When it comes to the world's most neglected diseases, however, these present absolutely no market opportunities. Without such opportunites, there is no incentive for the pharmaceutical industry to invest in drug research and development. The patients have no purchasing power, no vocal advocacy group is pleading for their needs, and no strategic interests—military or security—are driving concern about these conditions. This is why no public-private partnerships exist specifically for the most neglected diseases. The figure shows how these diseases fall totally outside the global pharmaceutical market.
For example, sleeping sickness, which claims thousands of lives annually in Africa, can be considered as a most neglected disease. Current drug treatments are in scarce supply, difficult to administer, and often toxic. Melarsoprol, which was developed over 50 years ago, kills up to 10% of people who are given the drug, and in some regions drug resistance means it is ineffective in a third of patients.3 An effective, less toxic drug, has been developed—eflornithine—but the company that developed it stopped its production in 1995, citing commercial failure. African patients could not afford to buy the drug. Eflornithine became available again five years later in the United States, when it was found to reduce unwanted facial hair in women.4 The injustice of American women depilating their faces while thousands in Africa were dying of a treatable illness finally led the original makers to restart production of the drug.5 It is currently available through a donation programme until 2006, though a long term producer is yet to be found.

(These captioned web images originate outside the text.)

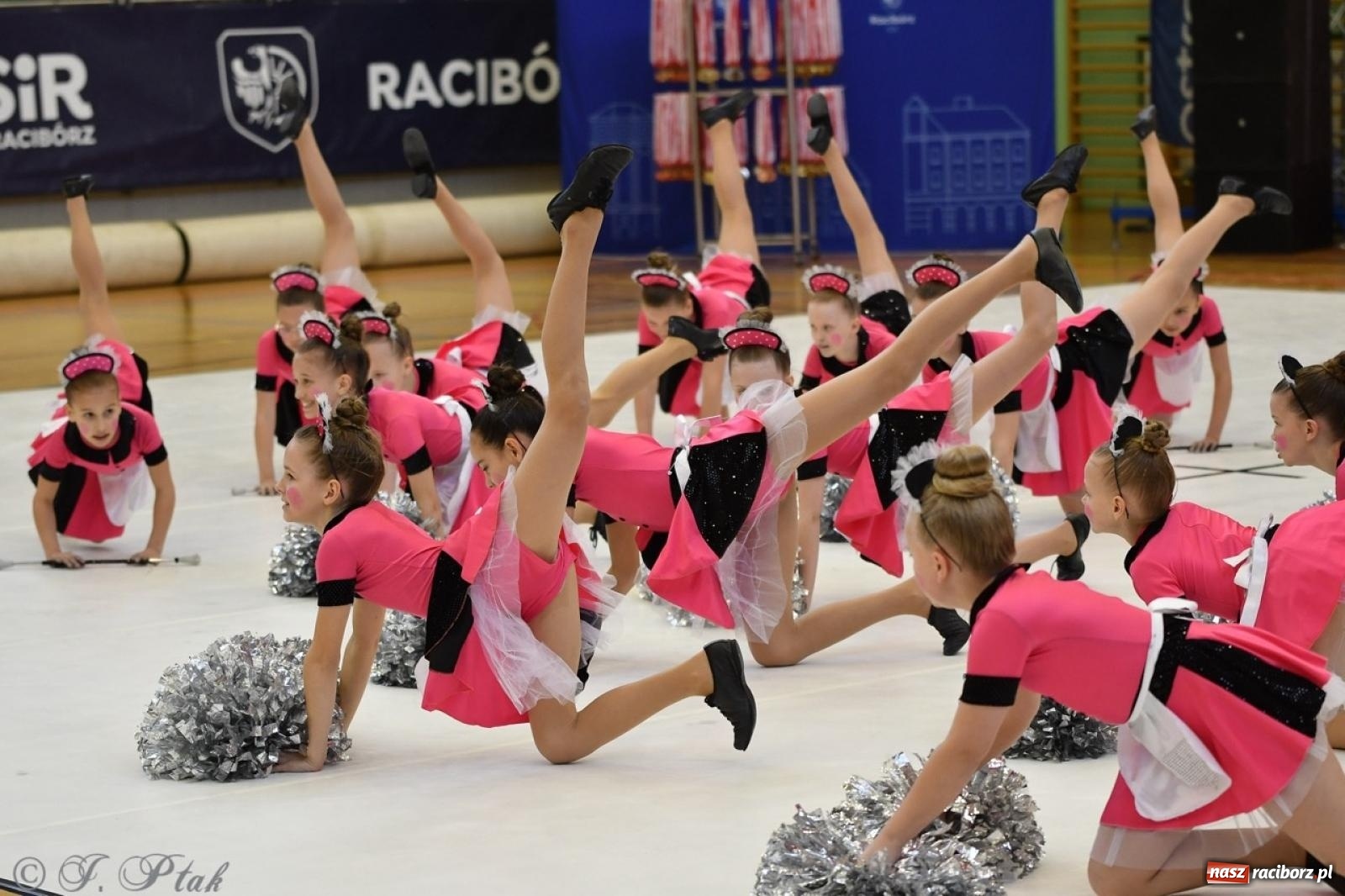Zdjęcie w galerii na portalu naszraciborz.pl: Racibórz gości Mistrzostwa Okręgu Mażoretek Polski Południowo-Zachodniej [FOTO] wiadomości z regionu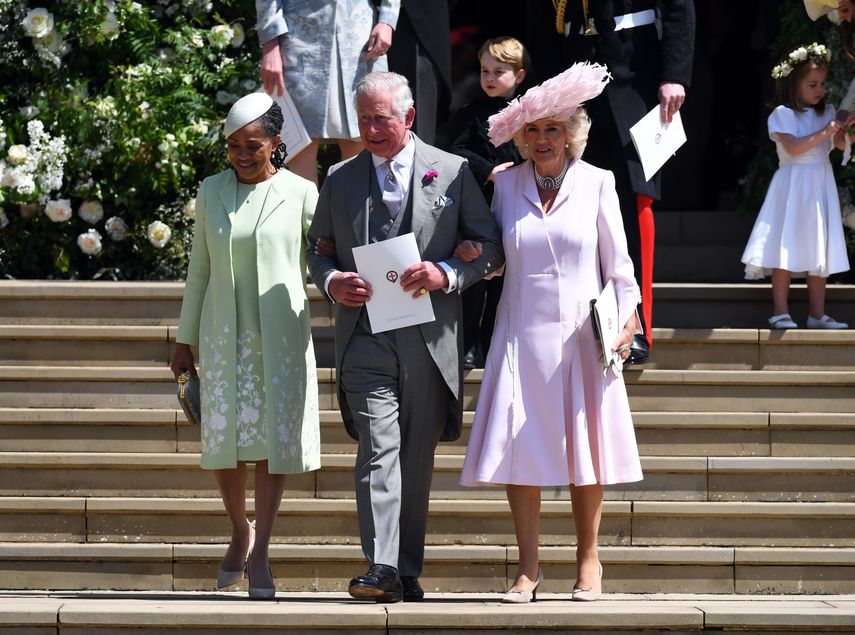 La madre de Meghan,&nbsp;Doria Ragland, y el príncipe Carlos y su esposa Camila a la salida de la capilla de San Jorge del castillo de Windsor.&nbsp;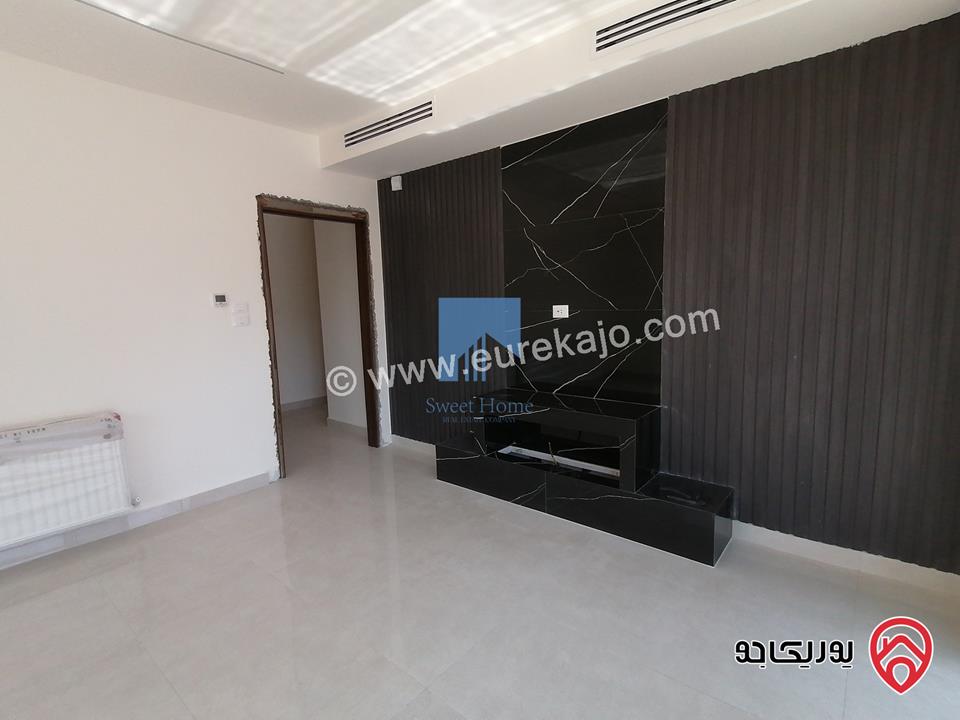 شقة فاخرة للبيع في عمان أم السماق - خلف السيتي مول وقرب مكة مول طابق ارضي 250م تشطيب سوبر ديلوكس لم تسكن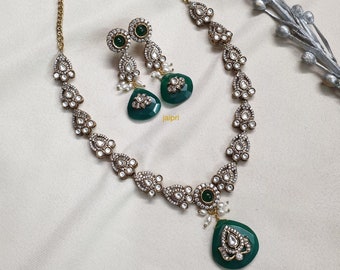 Emerald Green Indian Kundan Necklace, Indian Kundan Jewelry, Pakistani Necklace, Bollywood Wedding, Sabyasachi Jewelry, Premium Pendant Set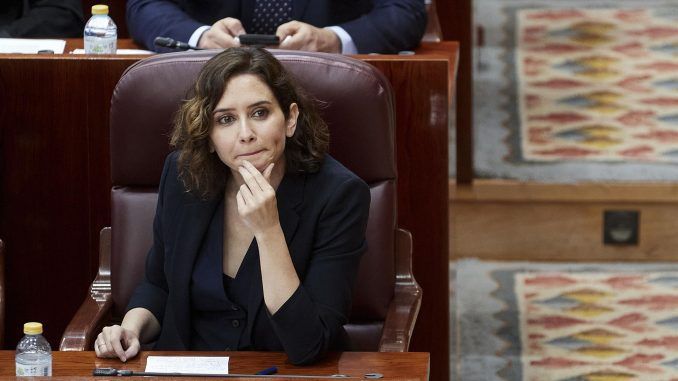 La presidenta de la Comunidad de Madrid, Isabel Díaz Ayuso, participa en la sesión de la Asamblea de Madrid. EFE/ Miguel Oses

Médecins sans Frontières believes that the best hope of treating the world's most neglected diseases is for the public to accept responsibility for drug development, taking it out of the marketplace and into the public sector. The organisation has launched an initiative on drugs for neglected diseases, founded only by public sector and non profit partners, such as the Pasteur Institute, the Special Programme for Research and Training in Tropical Diseases (a project undertaken jointly by the United Nations Development Plan, the World Bank, and the World Health Organization), the Indian Council for Medical Research, and the Brazilian government pharmaceutical organisation Fiocruz. The initiative is testing the idea that a drug research and development network can be established in the developing world, with a centralised management structure, and its feasibility study will be published later this year. Philippe Kourilsky, the director general of the Pasteur Institute, believes that the initiative will do “nothing short of creating a global, not-for-profit pharmaceutical industry.” If the initiative proves viable, it is likely to engage with the pharmaceutical industry on specific projects, since industry has great expertise in the development of drugs. The initiative, however, will not rely on market forces; it will define its needs, and then rely on public investment to meet them.
Will the strategy of taking medicines out of the marketplace work? Few precedents for truly international public initiatives exist (the Human Genome Project is an example), and the public investment will need to be massive. There will need to be concerted political attention to make available the necessary financial and technical resources. Right now there is little other hope for those dying of the world's most neglected, yet curable, infectious diseases.